Beaver Reserves

Cree customary land tenure became the basis for a very successful species rehabilitation initiative - the Beaver Reserves - which increased the number of beaver lodges from 38 in 1933 to 309 by 1937.

The dawn of the 20th Century marked a dark period for the Cree. Famine struck Waskaganish and many bush camps in 1882, when starvation was reported at Rupert House. The causes are varied but most significant was a low natural population cycle in the main species trapped and hunted by the Cree. For example, while moose was abundant in the late 1600s, it was almost nonexistent in the Waskaganish area in 1827 and began to reappear shortly thereafter. The intensive trapping for fur bearing animals, especially beaver (an important food source), almost wiped out this specie (Morantz, 2002). Beginning in 1891 various epidemics began to take a toll on the Rupert House people, starting with a flu which took two lives and later whopping cough, scrofula (tuberculosis) and chicken pox were reported. The introduction of rifles by Revelillon frères Company in 1903 increased the pressure on the beaver.

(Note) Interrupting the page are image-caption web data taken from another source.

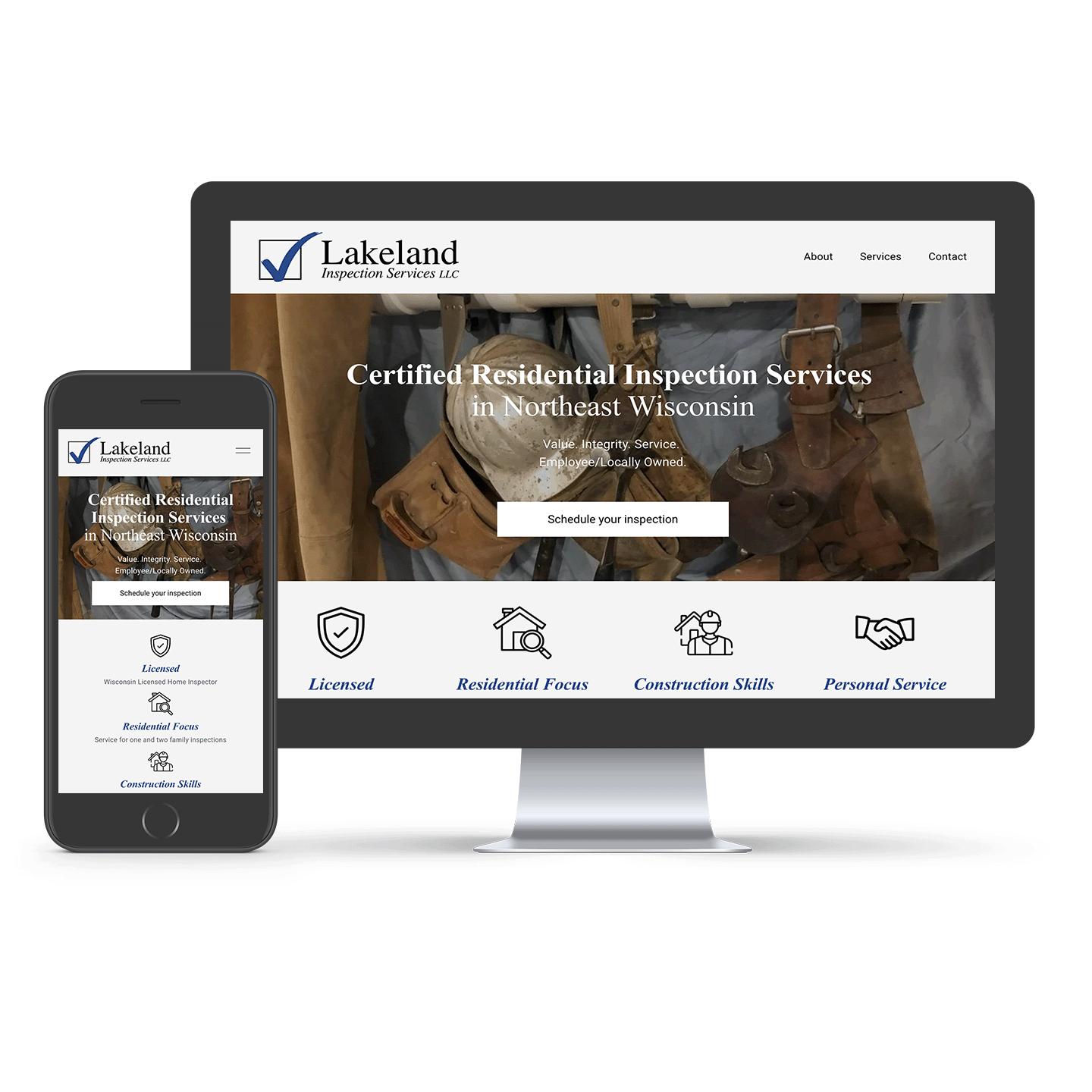Squarespace website - Lakeland Inspection Services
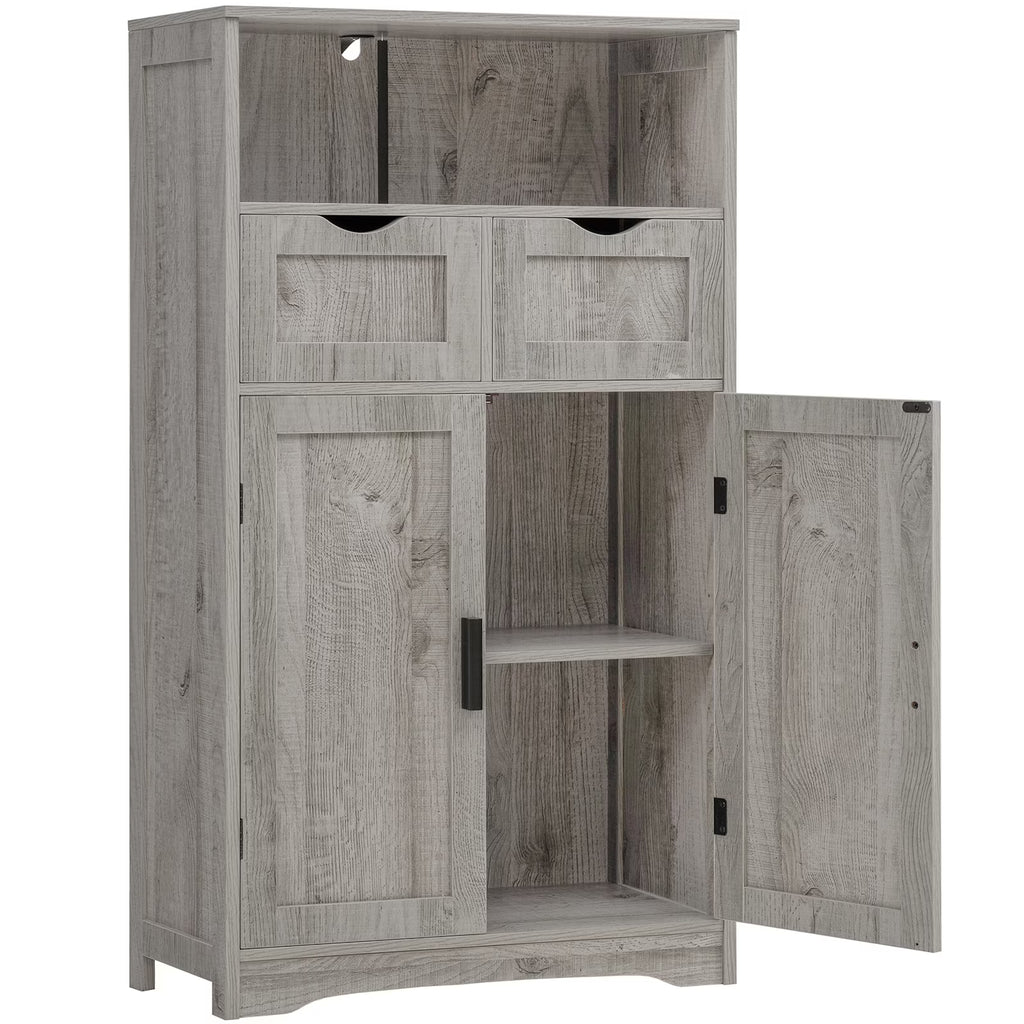 FANGSUM Rattan Storage Cabinet with 2 Drawers & 2 Shelves, Floor Cabinet for Living Room
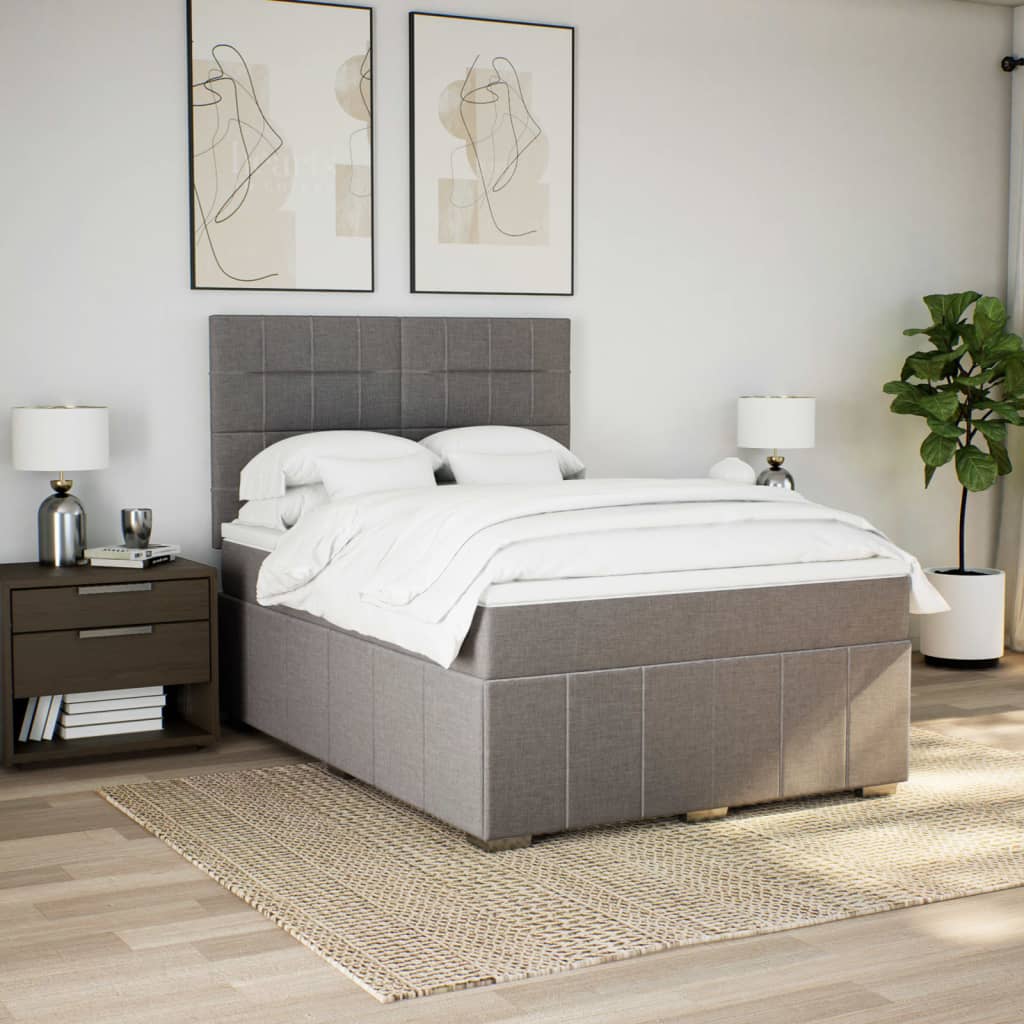 Giroletto a Molle con Materasso Tortora 140x190 cm in Tessuto | homemem39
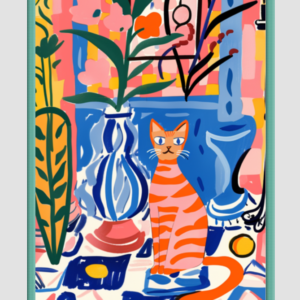 EverythingBoho The House Cat Boho Wall Art (Bottle Green)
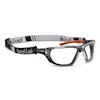 The frame on the safety glasses features co-injected temples and a PLATINUM scratch and fog resistant coating for durability.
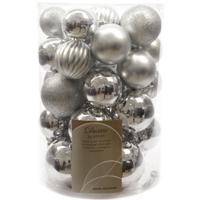 Decoris kerstballen box 34 stuks zilver - thumbnail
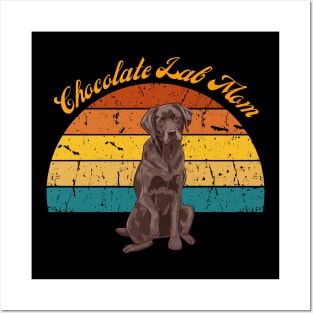 Retro Chocolate Lab Mom Posters and Art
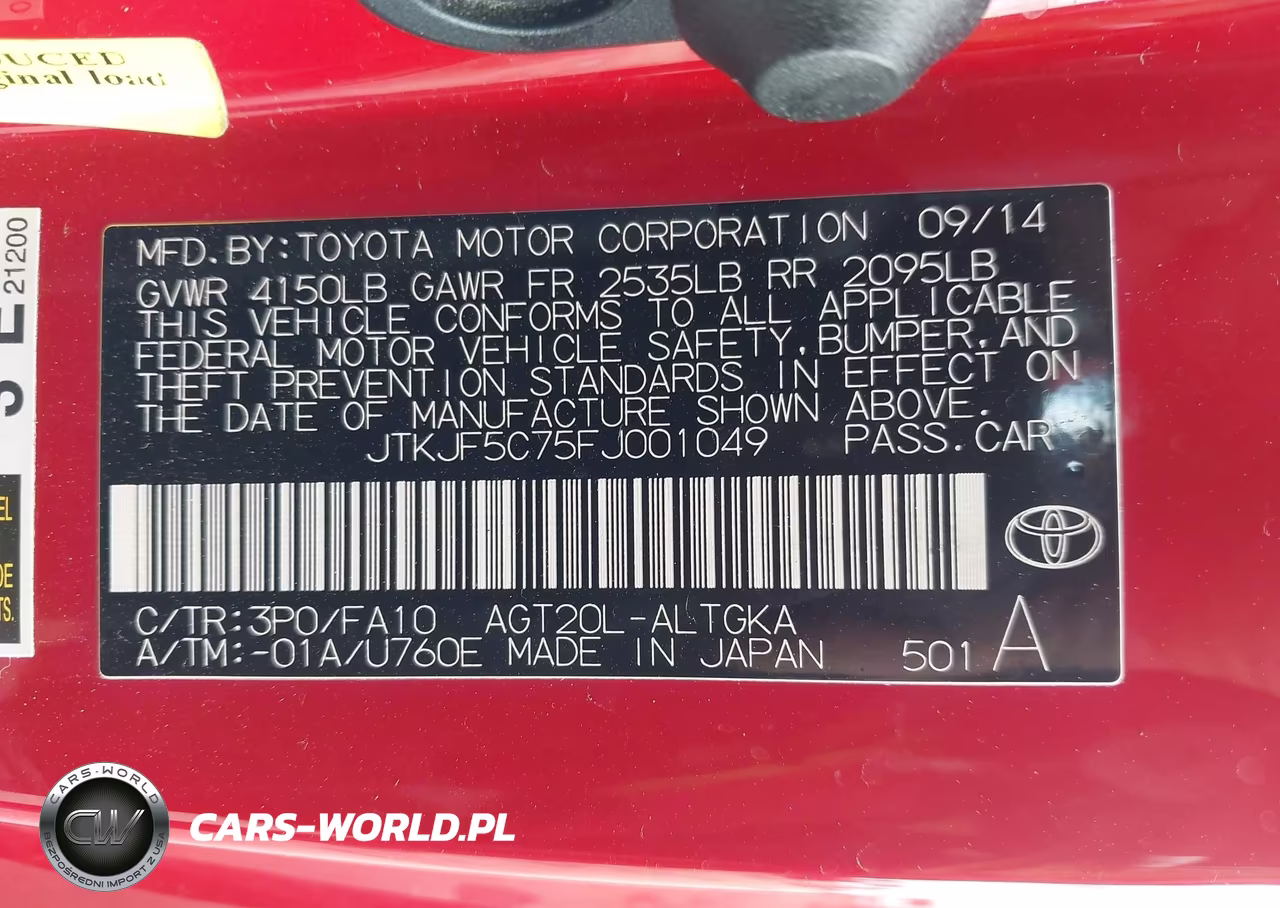 2015 Scion Tc VIN:JTKJF5C75FJ001049 - 9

Coupled with competition between the now two established fur trading companies (HBC and Revelillon), Cree hunters did manage to increase their economic situation by accessing improved salaried positions as well as reduced travel time given the increased number of trading posts both on the coast and inland. Being skilled traders, the Cree hunters made good by negotiating better trading tariffs at different posts.
Nevertheless, starvation becomes widespread as many accounts confirm it. John Blacksmith from Waskaganish recounts his experience of life in the bush as a young boy. In the following passage he explains how his father found a group of starving Cree and how he took them in to recover:
James Watt and Inuit family behind clerk's house - Archives of Ontario

“They found one man, his wife, and two sons and one daughter. They had two boys there also and one girl that didn’t belong to him, seven kids altogether[...]The man who was nearly starving told my father that there had been lots of them in the group that fall. The ones that were starving were hunting way up inland – 200 miles. They told my father that even when they hunted together, none of them would bring anything to eat[...]So my father brought them to his place. The man was older than my father. His face was very thin, so poor, very poor-looking people. And they way he was before they found him was poorer than that. When they found a person that was starving, they just gave him a little fish to eat at first. When my father found these people he didn’t feed them very much, a little flour that was left, he fed them a little bannock first” (Preston, 2002:58)."

Beaver reserves cca. 1930
HBC Archives
Beaver reserves cca. 1930 HBC Archives

Harsh winters and decreasing numbers of food and fur bearing animals compelled many Cree families to settle at or near trading posts. James Watt, the post manager at Rupert House, wrote in 1929 that “the fear of starvation prevents the coast Indians from going far inland” (Morantz, 2002:113). Watt and his wife Maud are reported to ration their supplies so as to share them with the Cree established in the community. Alarmed by the situation the Watts began to consider formal conservations measures. Cree hunting practices have always included measures for beaver husbanding by tapping only a certain number per lodge or leaving several beaver lodges untouched in their respective hunting territory. Inspired by these practices the Watts established a beaver sanctuary in 1932 by ‘purchasing’ a beaver lodge from Robert Stephens and Andrew Whiskeychan, essentially paying them 60$ to mark the lodge as Watt’s and not kill the beaver there. HBC turned down Watt’s initial request for financial backing of the reserve, thus Maud made a month-long journey to Quebec City to negotiate a land lease with the deputy minister of colonization. A fifteen-year lease for a 7000 square miles of territory between the Eastmain and Rupert rivers and 20 miles inland beyond Nemiskau post was granted to Maud Watt in 1932. A year later HBC agreed to take on the lease ($10/year). The success of the Rupert House sanctuary quickly spread and other communities asked for similar measures in their territory. In all, three beaver reserves were created: the Rupert House in 1932; the Nottaway in 1938; and the Old Factory in 1941. In all, Cree hunters, such as John Blackned from Waskaganish, volunteered to manage the reserves as game wardens, they kept track of the beaver populations and reported on trapping within their respective territories. The initiative had great success. For example on Rupert House territory there were 38 lodges and 162 beavers in 1933, by 1937 approximately 1545 beavers and 309 lodges were reported (Morantz, 2002; Feit, 2005).

Sources
Morantz, Tobi. The White Man's Gonna Getcha: The Colonial Challenge to the Crees in Quebec. McGill-Queen's Native and Northern Series #30. Montreal: McGill-Queen's University Press, 2002.
Preston, Richard J. Cree Narrative, Expressing the Personal Meaning of Events (Second Edition). Montreal: McGill-Queen's University Press, 2002.
Feit, Harvey. 2005. "Re-Cognizing Co-Management as Co-Governance: Histories and Visions of Conservation at James Bay." Anthropologica. 47 (2): 267-288.